An exact copy is needed of the lines in the entries below from the line with "Rewari - Punjab Kesari" up to and including the line with "Хрестоматия. Лучшие рассказы", and of nothing else. Leave the pictures out.

* _Dataset_:
+ + + + +
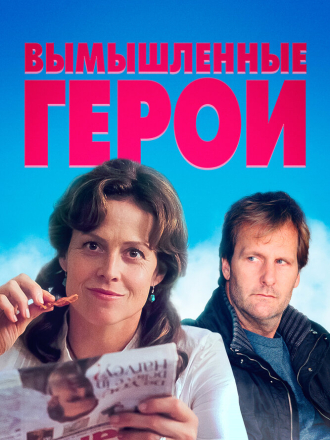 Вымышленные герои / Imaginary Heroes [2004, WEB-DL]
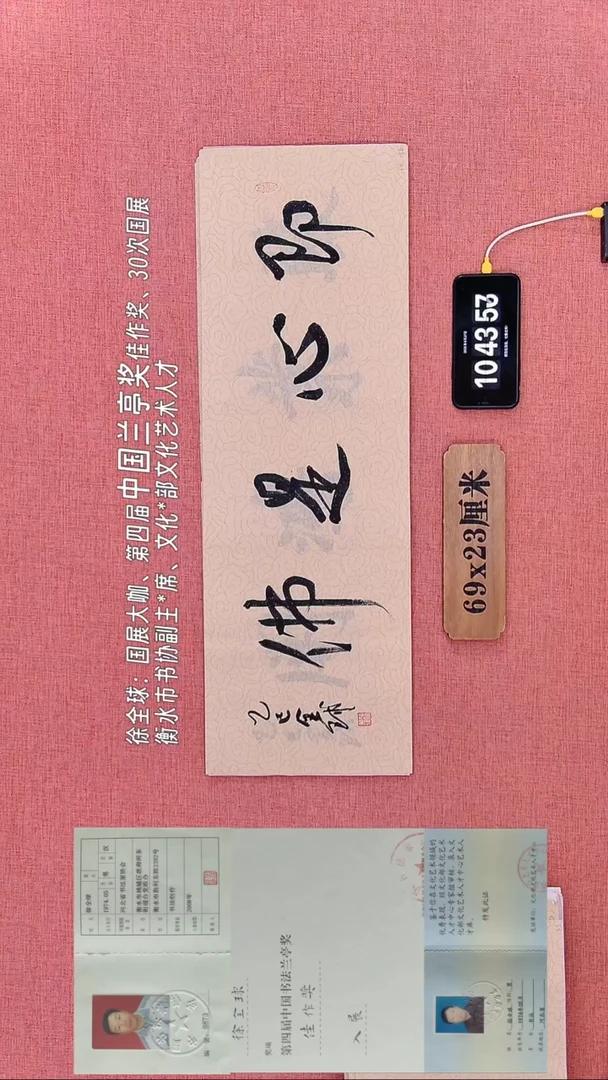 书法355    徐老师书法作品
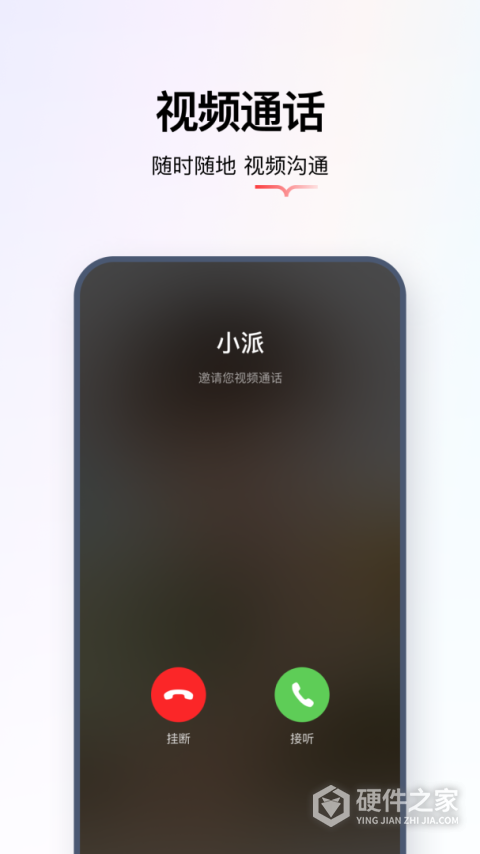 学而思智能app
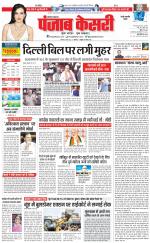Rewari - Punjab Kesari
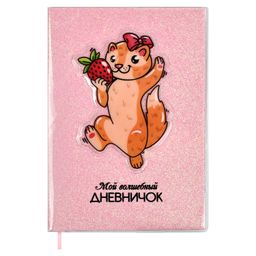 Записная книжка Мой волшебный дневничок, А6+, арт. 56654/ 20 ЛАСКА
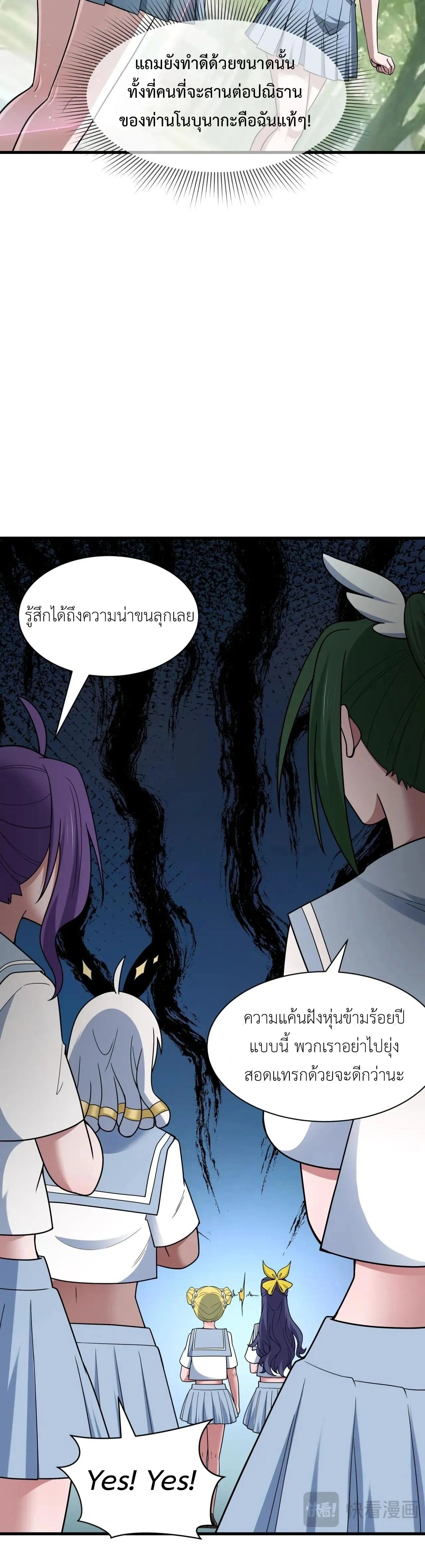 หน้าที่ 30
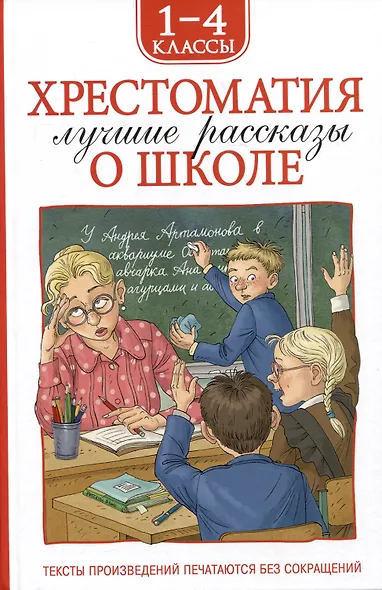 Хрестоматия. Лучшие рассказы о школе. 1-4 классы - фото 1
+ + + + +
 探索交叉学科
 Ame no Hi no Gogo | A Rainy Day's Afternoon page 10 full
+ + + + +
* _Response below_:
Rewari - Punjab Kesari
 Записная книжка Мой волшебный дневничок, А6+, арт. 56654/ 20 ЛАСКА
 หน้าที่ 30
 Хрестоматия. Лучшие рассказы о школе. 1-4 классы - фото 1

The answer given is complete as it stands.